State v. Laboy, Unpublished Decision (1-19-2006)

2006 Ohio 168 | Ohio Ct. App. | 2006

JOURNAL ENTRY AND OPINION
{¶ 1} Defendant-appellant, Hermogene Laboy, Jr., appeals from the judgment of the Cuyahoga County Common Pleas Court sentencing him to seven years incarceration. Finding no merit to Laboy's appeal, we affirm.

{¶ 2} In March 2003, the grand jury indicted Laboy in a 15-count indictment for trafficking in heroin in an amount over 250 grams. Pursuant to a plea agreement, Laboy subsequently pled guilty to one count of the indictment, possession of drugs, a first degree felony. The State nolled the remaining counts of the indictment and the major drug offender specifications. Pursuant to the plea agreement, Laboy agreed to a term of six years incarceration.

{¶ 3} At sentencing, the trial court imposed the agreed sentence of six years, then set a bond and gave Laboy a date to turn himself in to begin serving his sentence if he was able to post the bond. The trial judge warned Laboy that if he failed to turn himself him on that date, the judge would "revisit" the six-year sentence.

{¶ 4} Laboy did not turn himself in on the specified date. At the subsequent resentencing hearing, the trial judge sentenced Laboy to seven years incarceration. Laboy now appeals.

{¶ 5} R.C. 2929.14(A) provides that the prison term for a first degree felony shall be three, four, five, six, seven, eight, nine or ten years. R.C. 2929.14(B) further provides that a court imposing a sentence upon an offender for a felony must impose the shortest prison term authorized for the offense, unless the offender has previously served a prison term, or the court finds on the record that the shortest prison term will "demean the seriousness of the offender's conduct or will not adequately protect the public from future crime by the offender or others." The trial court made both findings when sentencing Laboy.

{¶ 6} In his single assignment of error, Laboy argues that the trial court should have imposed the minimum sentence of three years. He contends that, in light of the United States Supreme Court decision in Blakely v. Washington (2004), 542 U.S. 296,124 S. Ct. 2531, 159 L. Ed. 2d 403, the trial court was prohibited from imposing more than the minimum term unless a jury made the findings set forth in R.C. 2929.14(B) to impose more than the minimum sentence on a first time offender. Laboy's argument fails, however, for several reasons.

{¶ 7} First, Laboy's argument that his non-minimum sentence violates Blakely was addressed in this court's en banc decision of State v. Atkins-Boozer. In Atkins-Boozer, we held that R.C. 2929.14(B), which governs the imposition of minimum sentences, does not implicate the Sixth Amendment right to a jury as construed in Blakely.

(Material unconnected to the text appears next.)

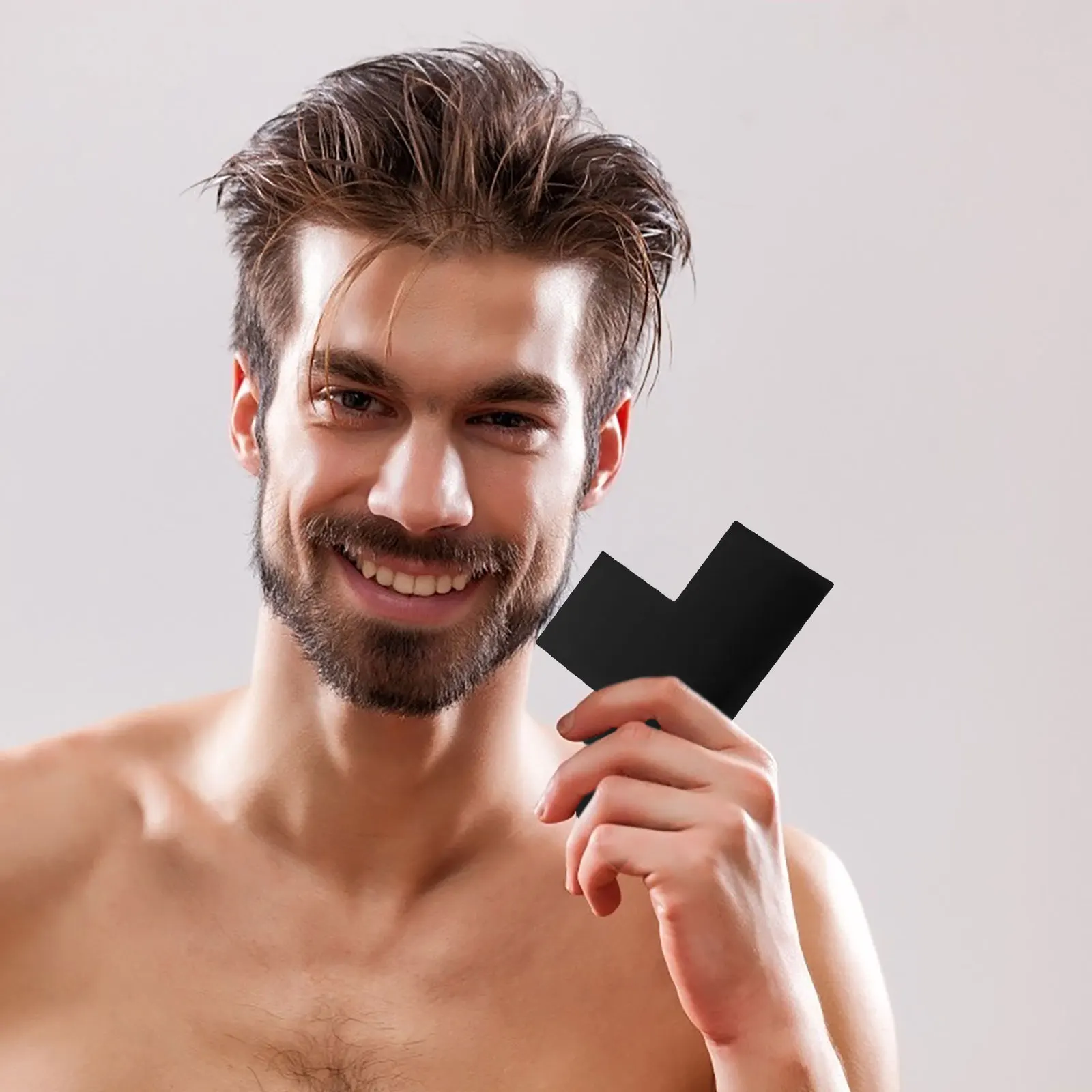 

Hairline Design Tool PVC Straightener Barber Cards Matching Management Card Beard Shaper MultiUse Hairline Measurement for Men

{¶ 8} Second, the record reflects that Laboy agreed to the six-year sentence as part of his plea agreement with the State. The record further reflects that defense counsel informed the trial judge at resentencing that Laboy "recognizes and understands that this court is in a position to review and recalculate the agreed sentence" in light of Laboy's failure to turn himself in on the designated date. Accordingly, we find no error in the sentence.

{¶ 9} Appellant's assignment of error is overruled.

It is ordered that appellee recover from appellant costs herein taxed.

The court finds there were reasonable grounds for this appeal. It is ordered that a special mandate issue out of this court directing the Common Pleas Court to carry this judgment into execution. The defendant's conviction having been affirmed, any bail pending appeal is terminated. Case remanded to the trial court for execution of sentence.

A certified copy of this entry shall constitute the mandate pursuant to Rule 27 of the Rules of Appellate Procedure.

Celebrezze, Jr., P.J., and Sweeney, J., concur.